Running a successful food business is hard graft, we understand that it’s not all roses and champagne, and sometimes it’s a lukewarm cup of tea and running on 5 hours sleep.

Perfect service in the grand scheme of things is a very unattainable aspiration within a professional foodservice environment due to many conflicting factors, but the perfect menu is something every single kitchen should aspire to achieve.

The perfect menu can often stand the test of time, but as consumer taste changes throughout the decades, offering out-of-date or ‘tired’ dishes might cause more harm than good.

In most cases, restaurant owners and/or head chefs agonise, almost to perfection, on every single item on their menu…at least that’s how it’s supposed to be in a perfect world.

But no matter how hard or how long you work on your restaurant’s recipes and refine your menu selection, making dishes just how you like it doesn’t always translate to how your guests like it.

Here are some relatively obvious ways you can tell that, depending on how your guests react to your menu and food, you might have to readjust your approach to your dish selection.

Diners frequently ask for alterations to the menu item

“Can I have this but not too spicy?”

“Can I have more cheese on this?”

If you are beginning to see an influx in the number of meals you receive back asking for more or less of something, or worse, getting an initial order with extra of this or less of that, it’s likely that you have a problem.

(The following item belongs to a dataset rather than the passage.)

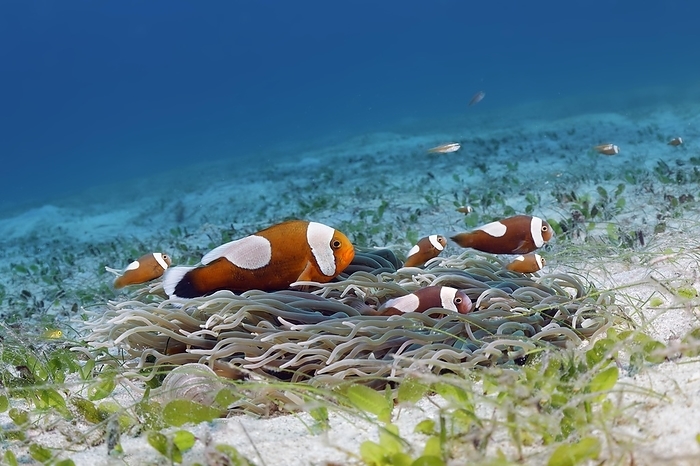 blacktip reef clownfish  Amphiprion melanopterus, extinct  Saddleback clownfish  Amphiprion polymnus , juveniles, corkscrew anemone  Macrodactyla doreensis , seagrass meadow, Sulu Sea, Pacific Ocean, Palawan, Calamian Islands, Philippines, Asia, by Norbert Probst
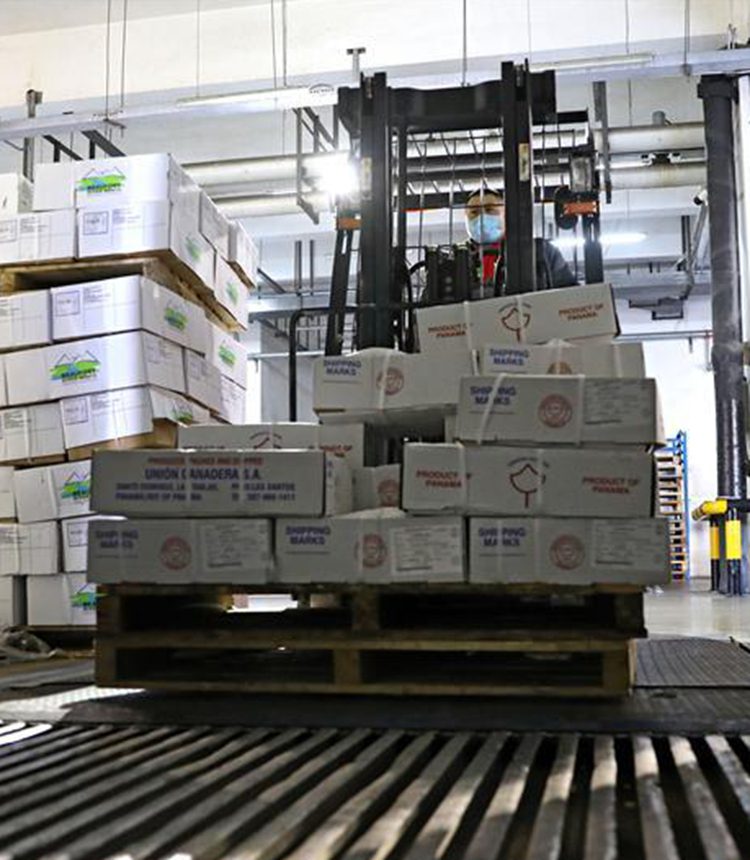 每日英语新闻：中国将加强对进口冷冻食品的检查，预防COVID-19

Having to add, remove, or alter dishes on your menu not only adds preparation and cooking time but also adds to ingredient costs – affecting your profit margin.

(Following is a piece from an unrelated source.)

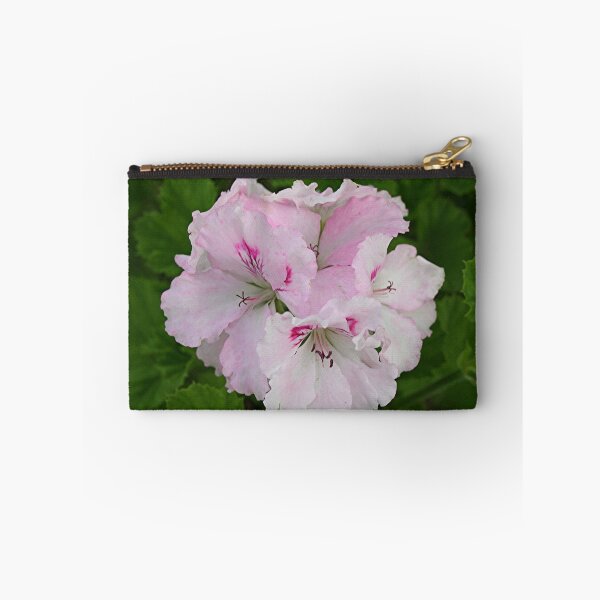 Item preview, Pale pink Pelargonium flower in bloom designed and sold by FranWest.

Somewhat more importantly, there is an added psychological cost to the paying diner –  they’re not getting what they want for the money they’re paying without having to request a few modifications. That’s all right for pizza or other items that need the

You might think ‘what’s the big deal, everyone has different tastes after all’, well that’s all right for pizza or other items that need the a-la-carte treatment.

But if it’s spaghetti, then it’s time to go test kitchen mode.

Don’t confuse this altering with questions though. Some diners might ask ‘is that spicy?’ – which isn’t quite the same as asking for a dish to be less spicy.

Your guests simply aren’t ordering it

This commonly happens when you have just too many menu selections to choose from.

Of course, you’re supposed to have at least one or two (preferably three) items that are the most popular, and the rest should be equally proportioned. But if you start to see that some menu items aren’t getting ordered at all, you’re just burning valuable menu space.

Remember to keep your most popular, high-margin dishes in the most prominent locations, streamline the reading process and if your guests have questions, then ensure your serving staff are knowledgeable and can fill in the gaps.

You can consider remarketing specific menu items such as offering discounts or doing something with happy hour, but that can be hit-or-miss. Either do that, revise that menu item, or ditch it all together.

Does your menu encourage items to be ordered?

The menu itself can be a big reason that many of your guests choose particular dishes and drinks.

Presentation is a big part of why people make orders, choose places to dine and how they will interact with your establishment.

So at least think how best to display your menu, be that menu boards, simple paper menus and how guests will order.

Is my menu as good as it can be?

One final thing to consider is how good actually is my menu? What are your strengths? What are your weaknesses?

If you have dishes that don’t quite meet your very own expectations, then get rid, experiment yourself, taste every single dish.

And remember don’t offer a dish if you would never order it yourself.